:: How to complete this task ::
I'd ask you to write out the lines below exactly, with no images.

:: Provided material ::
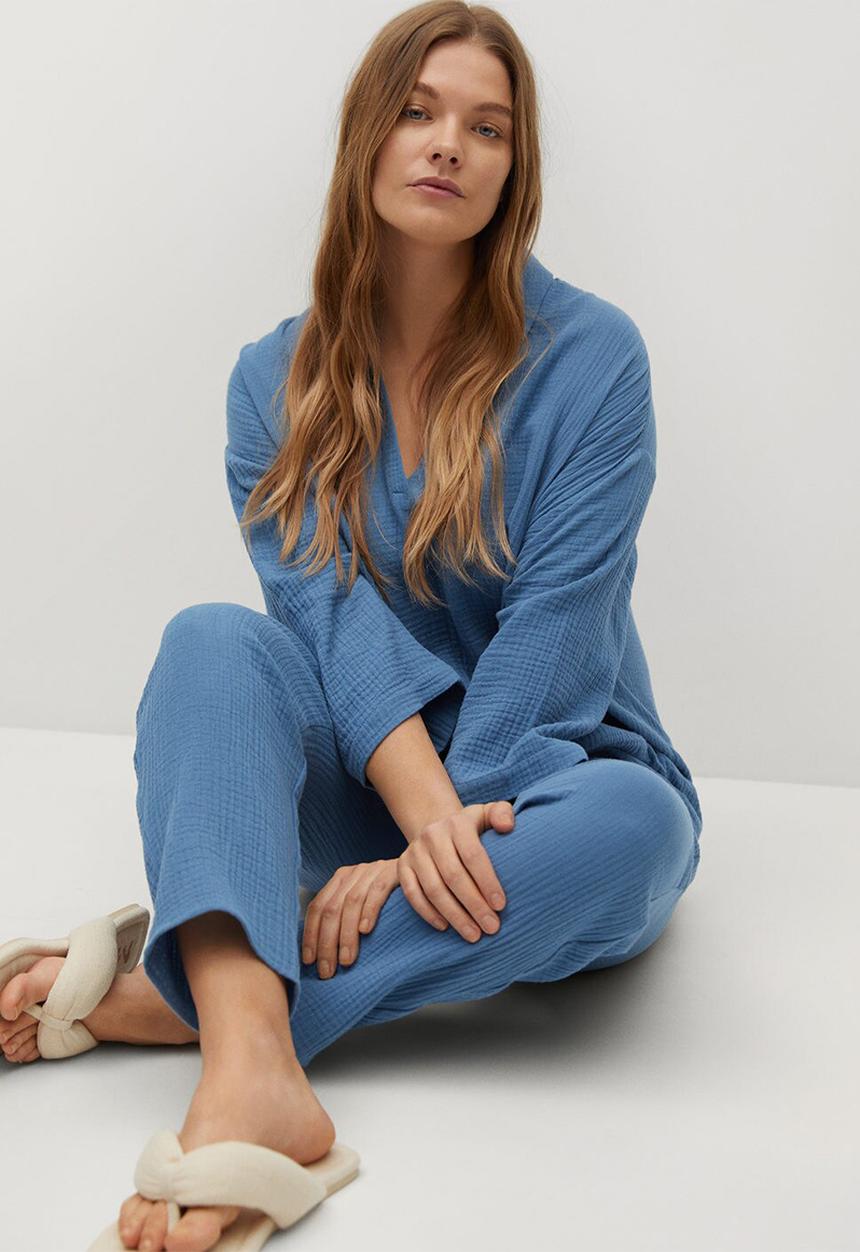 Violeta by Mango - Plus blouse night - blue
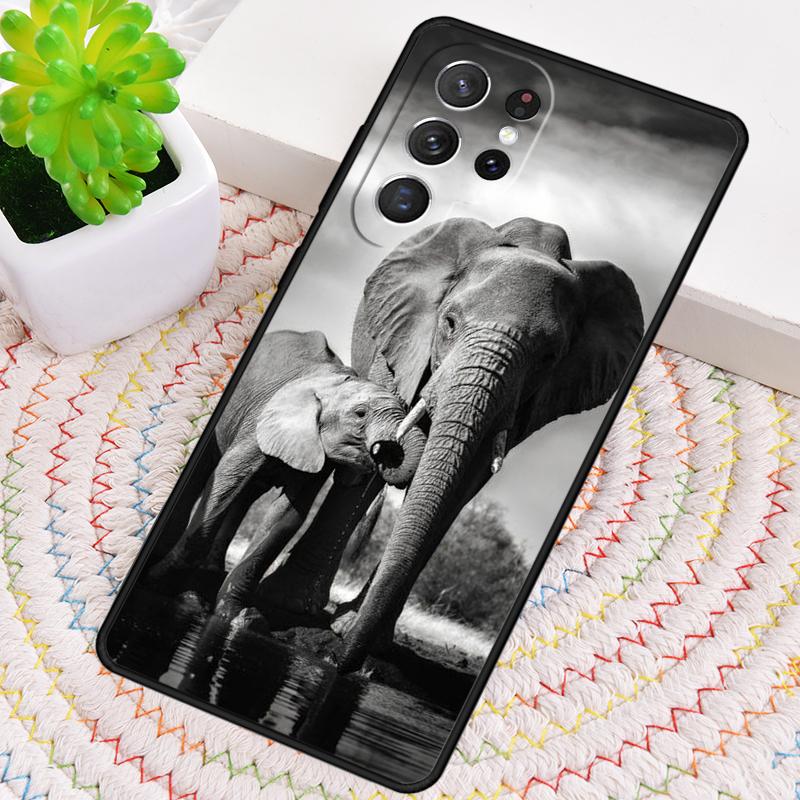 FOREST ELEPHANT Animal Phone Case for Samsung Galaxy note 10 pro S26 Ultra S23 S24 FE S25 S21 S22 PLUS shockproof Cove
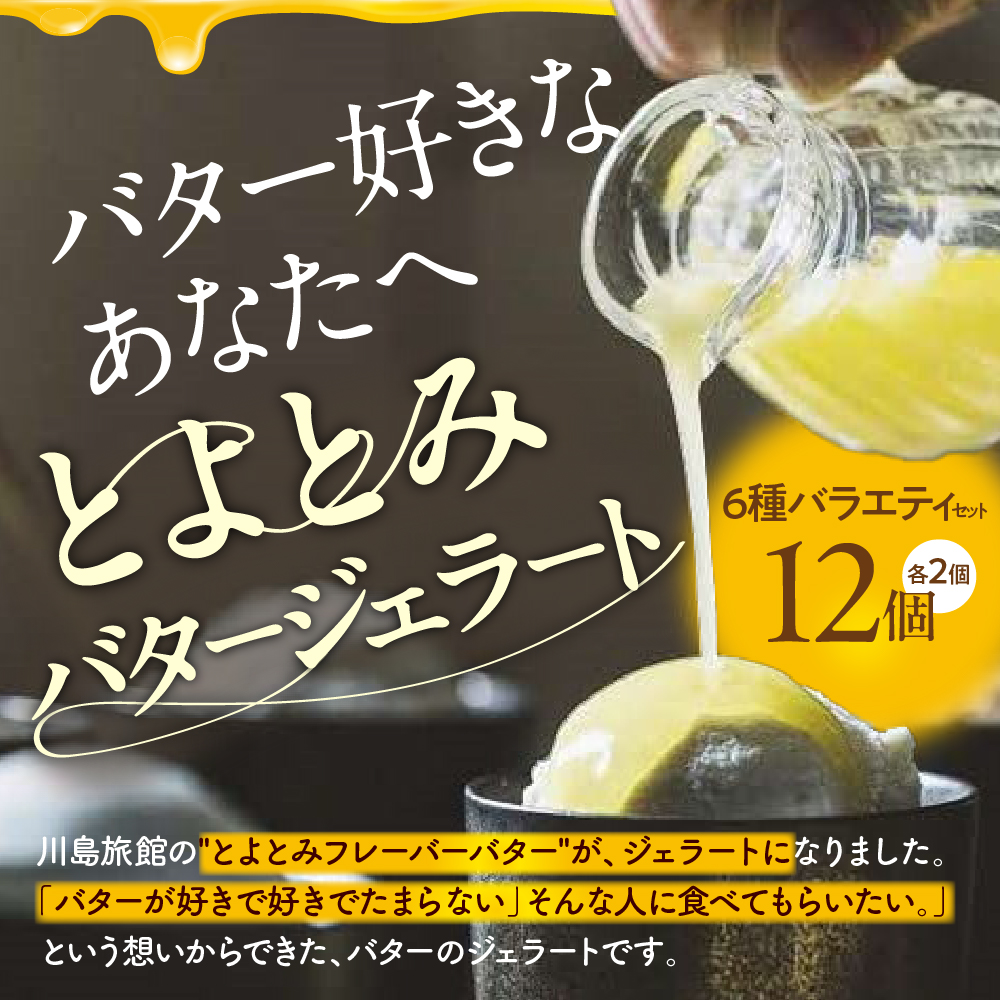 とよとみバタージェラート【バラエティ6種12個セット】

:: Output for this task ::
 Violeta by Mango - Plus blouse night - blue
 FOREST ELEPHANT Animal Phone Case for Samsung Galaxy note 10 pro S26 Ultra S23 S24 FE S25 S21 S22 PLUS shockproof Cove
 とよとみバタージェラート【バラエティ6種12個セット】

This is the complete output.